(Short text fragments from websites)
☆ ☆ ☆ ☆
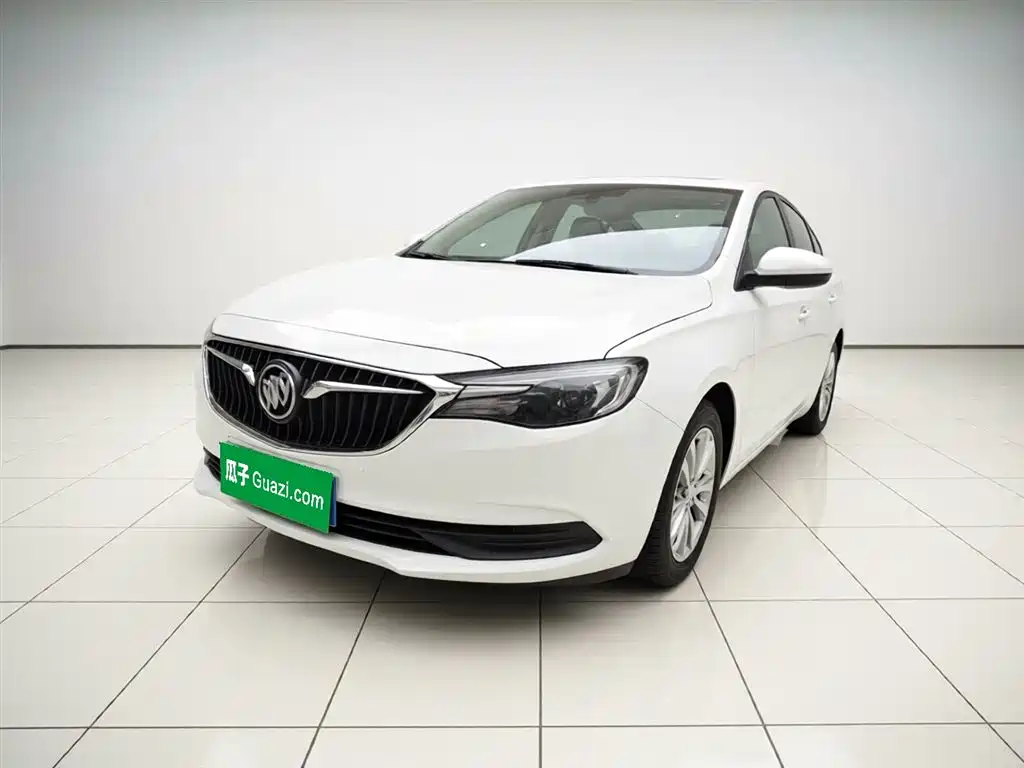 Buick Excelle 2019 — фото 1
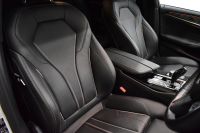 BMW 5シリーズ 523i Mｽﾎﾟｰﾂ 1ｵｰﾅｰ ﾊｲﾗｲﾝP 変更後全面液晶ﾒｰﾀｰﾊﾟﾈﾙ 全席ﾋｰﾀｰ付黒革 HUD LEDﾍｯﾄﾞﾗｲﾄ 追従ACC 車線変更&逸脱警告 衝突軽減B ﾀｯﾁﾊﾟﾈﾙ対応iﾄﾞﾗｲﾌﾞHDDﾅﾋﾞﾌﾙｾｸﾞ 全周囲ｶﾒﾗ3Dﾋﾞｭｰ 電動ﾄﾗﾝｸ 19AW 2年保証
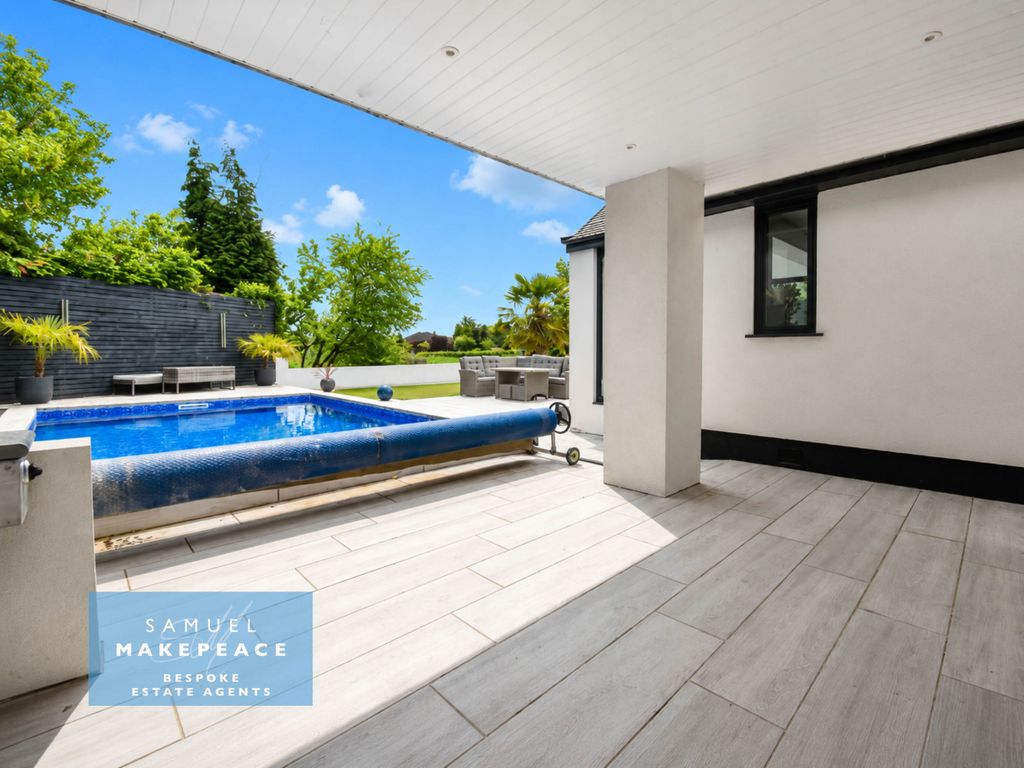 Property photo 3 of 57 Gallery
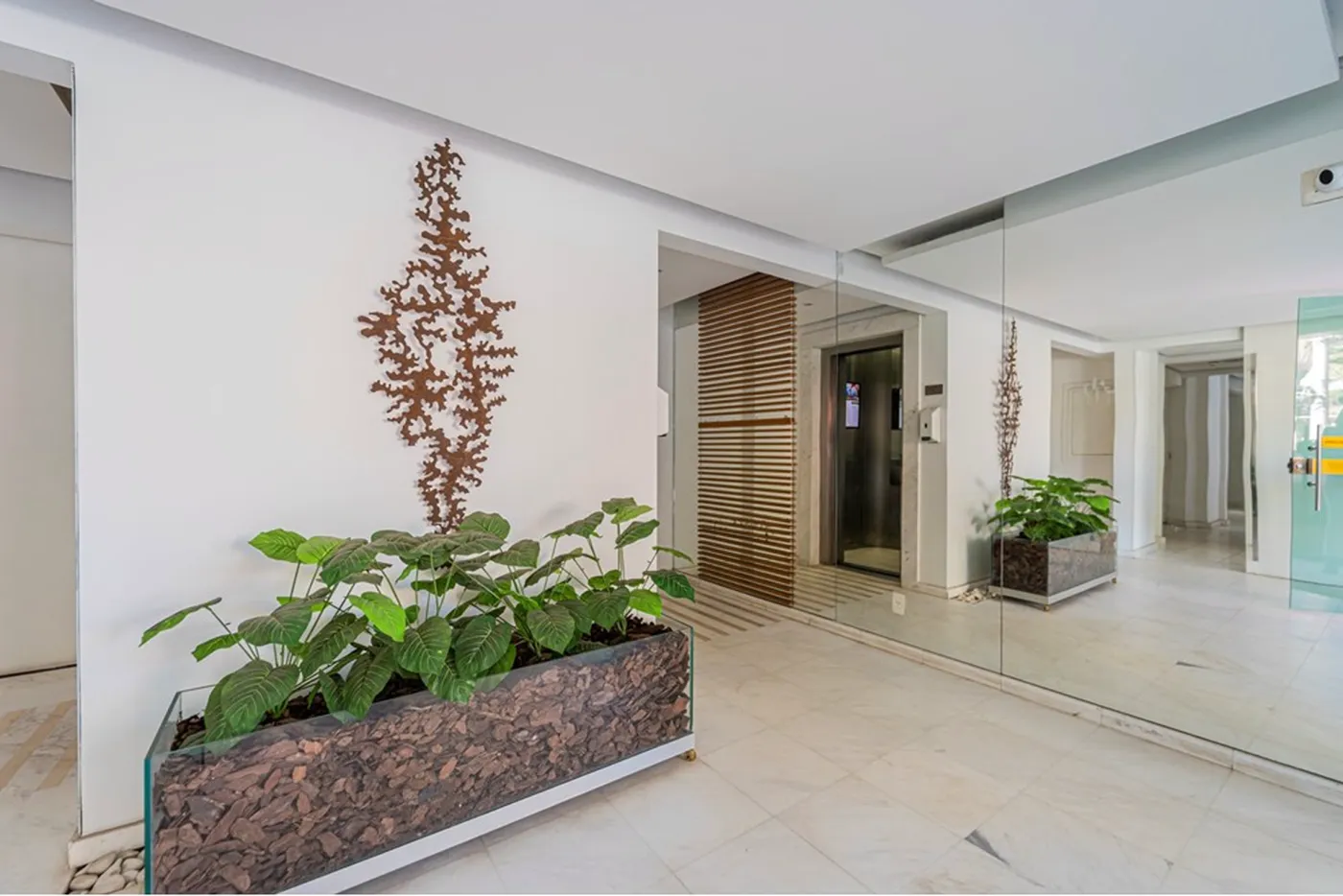 BBDT 801 Apto 601301082-7 - Remax Studio 76 Exclusividades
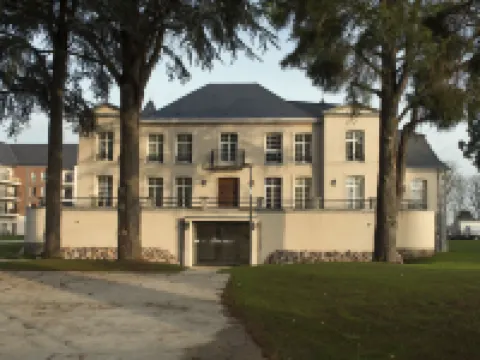 金鐘莊園 莫伯日酒店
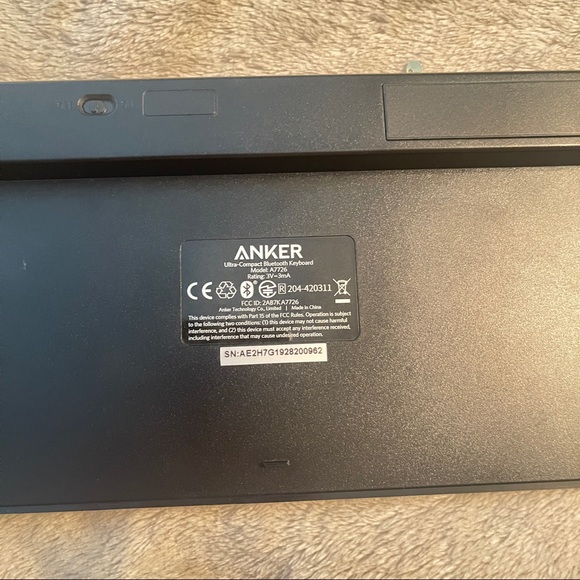 Wireless Bluetooth Keyboard - Picture 6 of 7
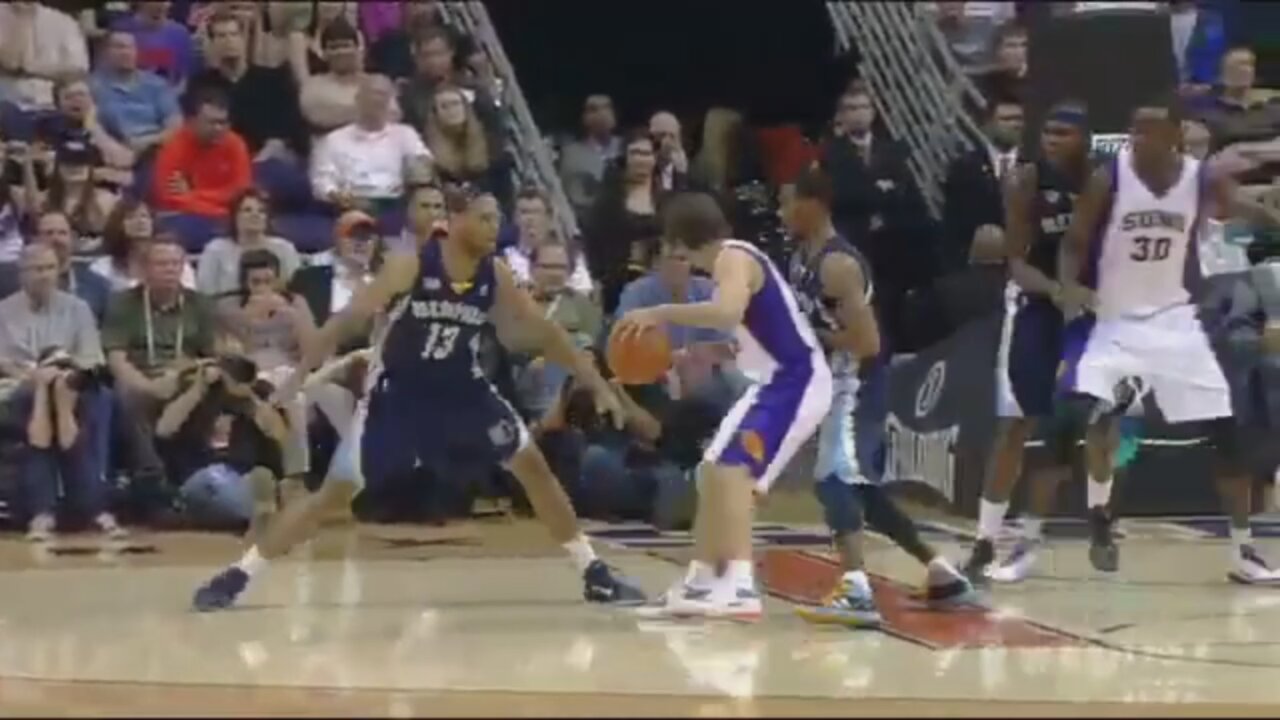 Steve Nash 11 Points 7 Ast Vs. Grizzlies, 2010-11.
☆ ☆ ☆ ☆
Repeat the data above exactly; images are not part of the copy.

 Buick Excelle 2019 — фото 1
 BMW 5シリーズ 523i Mｽﾎﾟｰﾂ 1ｵｰﾅｰ ﾊｲﾗｲﾝP 変更後全面液晶ﾒｰﾀｰﾊﾟﾈﾙ 全席ﾋｰﾀｰ付黒革 HUD LEDﾍｯﾄﾞﾗｲﾄ 追従ACC 車線変更&逸脱警告 衝突軽減B ﾀｯﾁﾊﾟﾈﾙ対応iﾄﾞﾗｲﾌﾞHDDﾅﾋﾞﾌﾙｾｸﾞ 全周囲ｶﾒﾗ3Dﾋﾞｭｰ 電動ﾄﾗﾝｸ 19AW 2年保証
 Property photo 3 of 57 Gallery
 BBDT 801 Apto 601301082-7 - Remax Studio 76 Exclusividades
 金鐘莊園 莫伯日酒店
 Wireless Bluetooth Keyboard - Picture 6 of 7
 Steve Nash 11 Points 7 Ast Vs. Grizzlies, 2010-11.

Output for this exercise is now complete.